Dual Policy Distillation

Authors: Kwei-Herng Lai, Daochen Zha, Yuening Li, Xia Hu

IJCAI 2020 | Conference PDF | Archive PDF | Plain Text | LLM Run Details

Reproducibility Variable Result LLM Response
Research Type Experimental The conducted experiments on several continuous control tasks show that the proposed framework achieves superior performance with a learning-based agent and function approximation without the use of expensive teacher models.
Researcher Affiliation Academia Kwei-Herng Lai , Daochen Zha , Yuening Li and Xia Hu Department of Computer Science and Engineering, Texas A&M University {khlai037, daochen.zha, yueningl, xiahu}@tamu.edu
Pseudocode Yes Algorithm 1 DPD: dual policy distillation
Open Source Code Yes We propose a practical algorithm1 based on our theoretical results. The algorithm uses a disadvantageous policy distillation strategy (...) 1https://github.com/datamllab/dual-policy-distillation
Open Datasets Yes The experiments are conducted on several continuous control tasks from Open AI gym3 [Brockman et al., 2016]: Swimmer-v2, Half Cheetah-v2, Walker2d-v2, Humanoid-v2.
Dataset Splits No The paper does not explicitly provide details about training/validation/test dataset splits.

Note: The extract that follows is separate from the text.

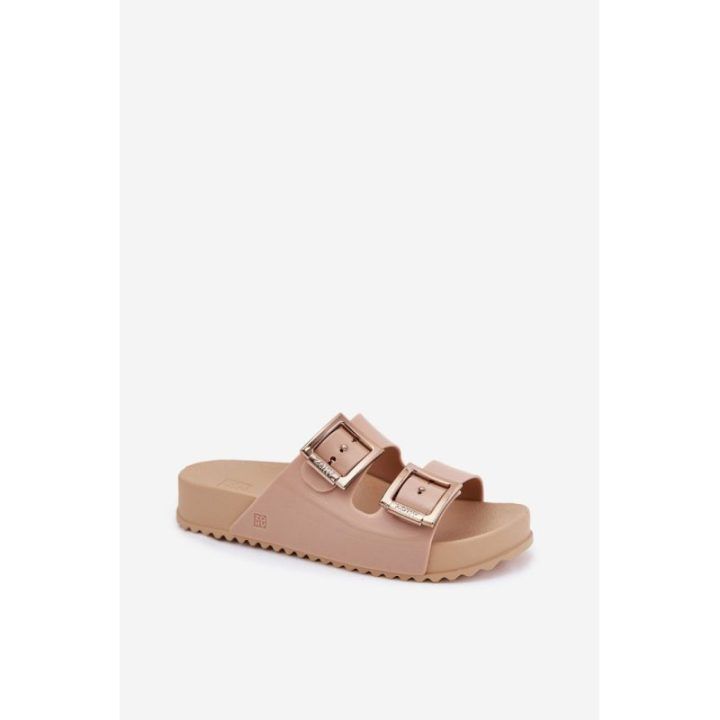 Baisių spalvos basutės su dviem sagtimis Step in style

For continuous control tasks in RL, the concept of a static dataset split for validation is often replaced by ongoing evaluation during training or separate test episodes, but no explicit 'validation set' is mentioned.

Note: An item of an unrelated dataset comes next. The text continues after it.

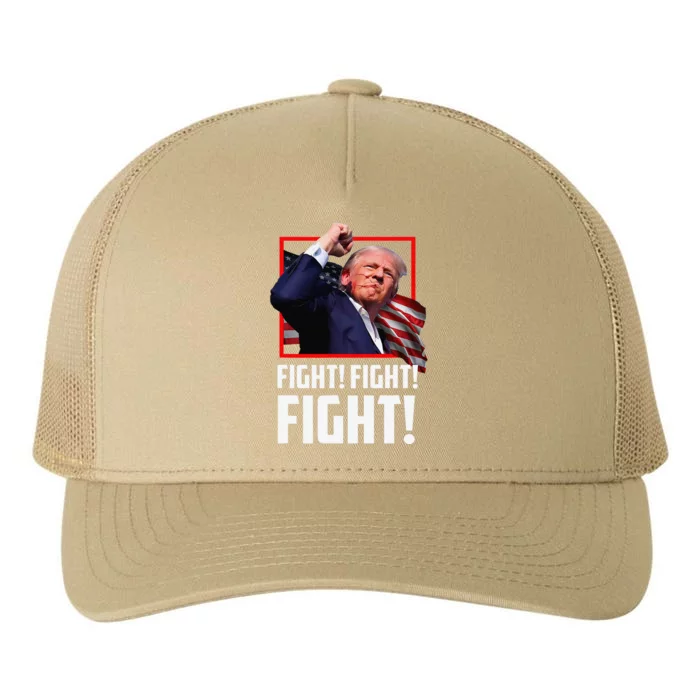 Donald Trump Fight Fighting Stronger Supporters Americans Yupoong Adult 5-Panel Trucker Hat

Hardware Specification No The paper does not explicitly describe the hardware used for running its experiments, such as specific CPU or GPU models.
Software Dependencies No The paper mentions that experiments are implemented upon "PPO [Schulman et al., 2017] and DDPG [Lillicrap et al., 2016], which are benchmark RL algorithms implemented in Open AI baselines2." and links to the OpenAI Baselines GitHub. However, it does not specify version numbers for any software components, libraries, or frameworks to ensure reproducibility.

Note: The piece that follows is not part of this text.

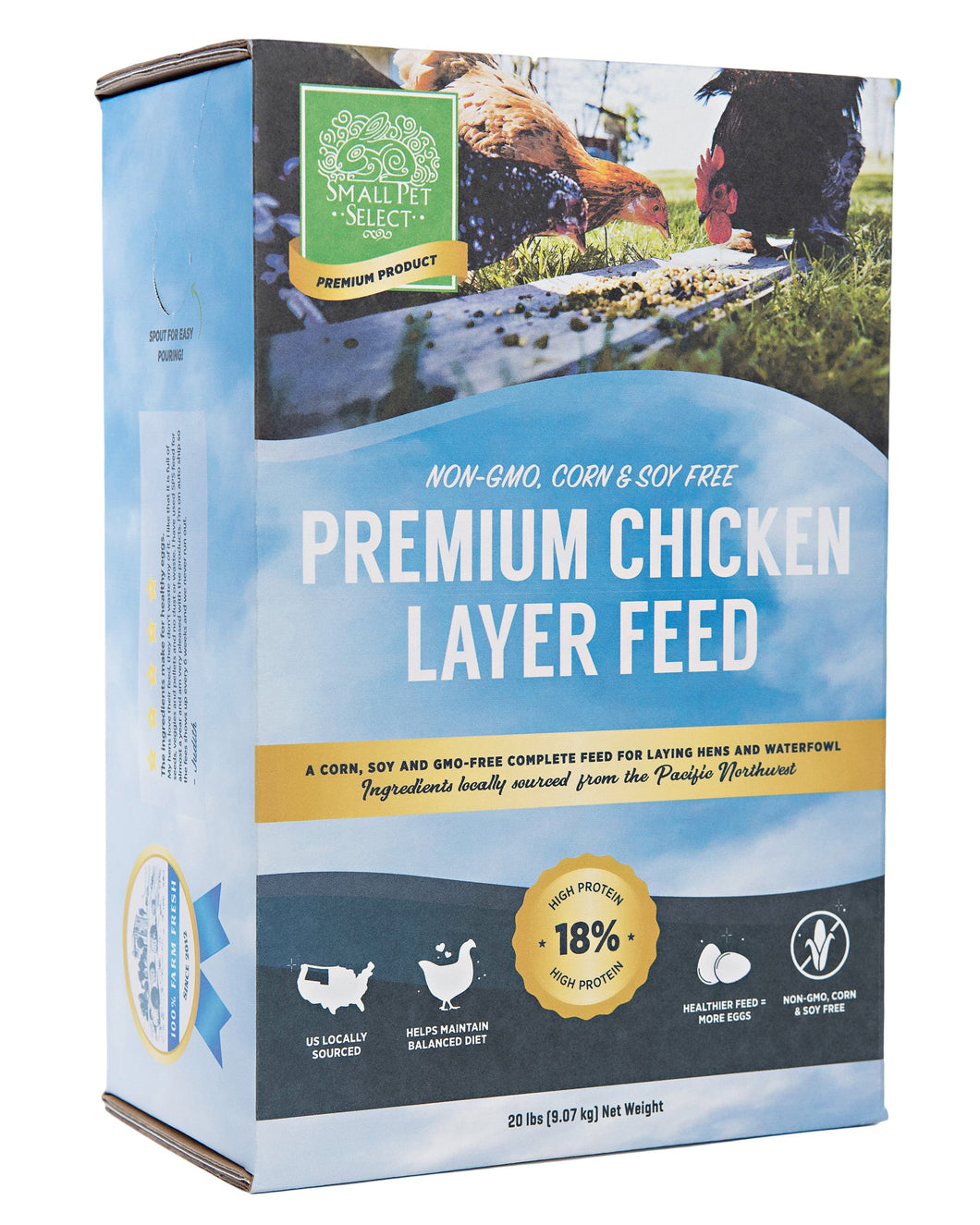Chicken Layer Feed, Non-GMO, Corn & Soy Free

Experiment Setup No The paper states: "We follow all the hyper-parameters setting and network structures for our DPD implementation and all the baselines we considered." While this implies hyperparameters were used, it does not explicitly provide the concrete values for these settings (e.g., learning rate, batch size, network architectures) in the main text.